[RFC] nodeToString format and exporting the SQL parser [PgSql]

Prev: [HACKERS] [RFC] nodeToString format and exporting the SQL parser
Next: pgindent bizarreness

From: Tom Lane on 2 Apr 2010 16:16

Michael Tharp <gxti(a)partiallystapled.com> writes:
> Due to popular demand on #postgresql (by which I mean David Fetter), I
> have been spending a little time making the internal SQL parser
> available to clients via a C-language SQL function. The function itself
> is extremely simple: just a wrapper around a call to raw_parser followed
> by nodeToString.

What exactly is the use-case for this? Generally speaking I'm against
exposing that data structure to clients, because there will inevitably
be griping when we change it (as we most certainly will).
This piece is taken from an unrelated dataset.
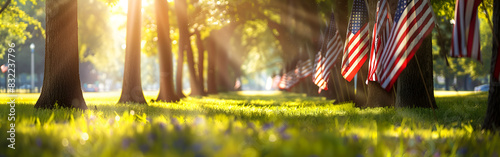 Tribute memorial day holiday remembrance military service freedom celebration with blurred background 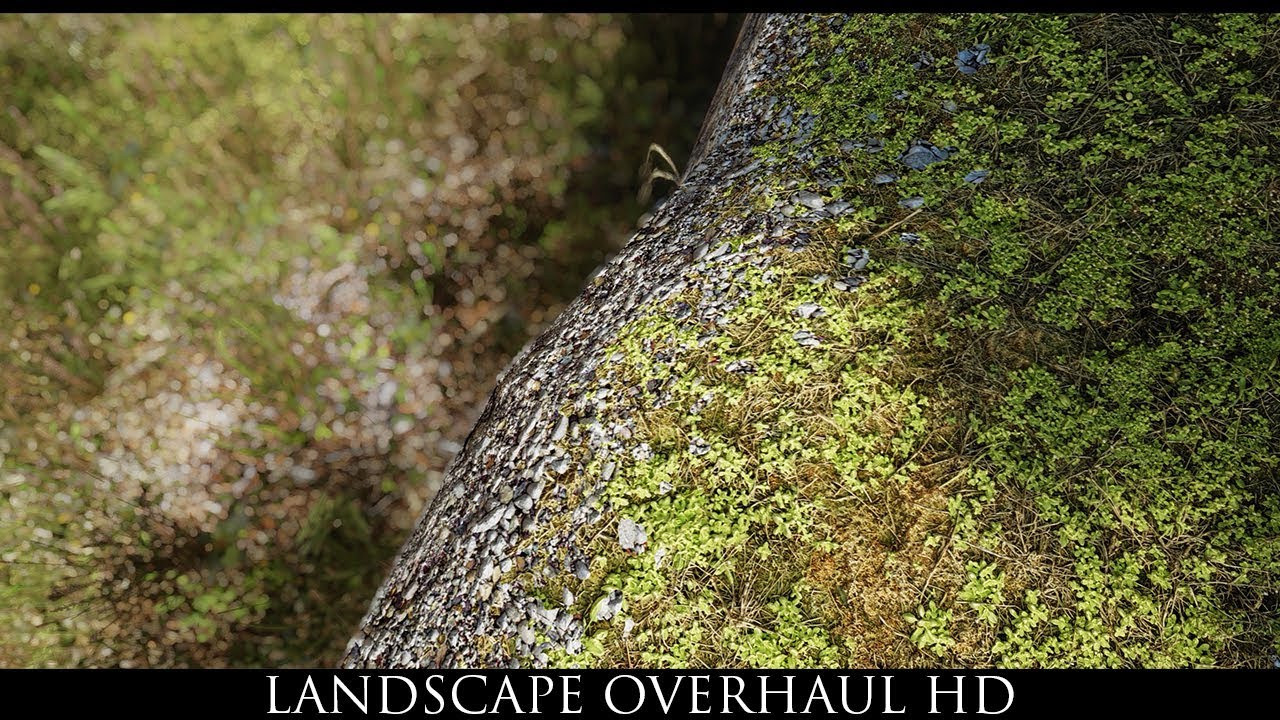 Best ideas about Skyrim Landscape Overhaul
. Save or Pin Skyrim SE Mods Landscape Overhaul HD Now.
Your
complaints boil down to "this is hard to parse from the client side",
and that already tells me you're doing something that we will refuse
to support.

regards, tom lane

--
Sent via pgsql-hackers mailing list (pgsql-hackers(a)postgresql.org)
To make changes to your subscription:
http://www.postgresql.org/mailpref/pgsql-hackers

From: Markus Wanner on 3 Apr 2010 09:17

Hi,

Michael Tharp wrote:
> I have been spending a little time making the internal SQL parser
> available to clients via a C-language SQL function.
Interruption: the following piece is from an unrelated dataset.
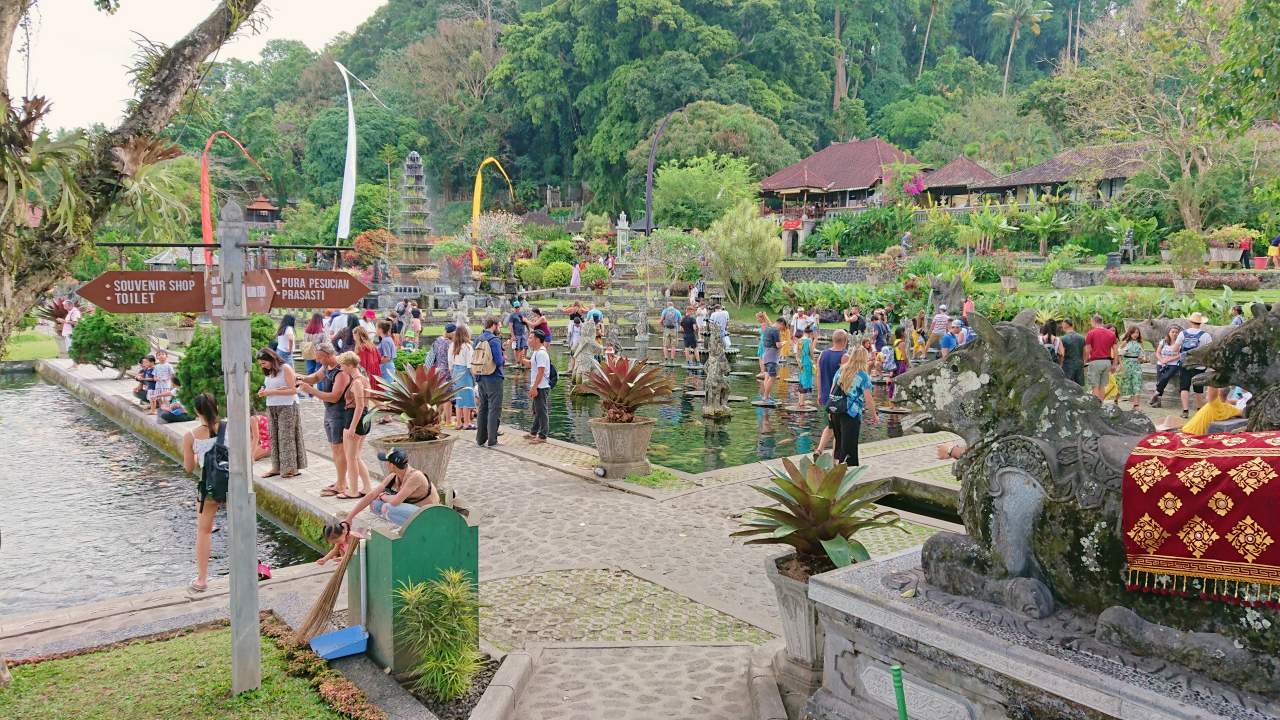 the big koi pond area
This sounds very much like one of the Cluster Features:
http://wiki.postgresql.org/wiki/ClusterFeatures#API_into_the_Parser_.2F_Parser_as_an_independent_module

Is this what you (or David) have in mind?

Regards

Markus Wanner

--
Sent via pgsql-hackers mailing list (pgsql-hackers(a)postgresql.org)
To make changes to your subscription:
http://www.postgresql.org/mailpref/pgsql-hackers

From: David Fetter on 4 Apr 2010 12:10

On Sat, Apr 03, 2010 at 03:17:30PM +0200, Markus Schiltknecht wrote:
> Hi,
>
> Michael Tharp wrote:
> >I have been spending a little time making the internal SQL parser
> >available to clients via a C-language SQL function.
>
> This sounds very much like one of the Cluster Features:
> http://wiki.postgresql.org/wiki/ClusterFeatures#API_into_the_Parser_.2F_Parser_as_an_independent_module
>
> Is this what you (or David) have in mind?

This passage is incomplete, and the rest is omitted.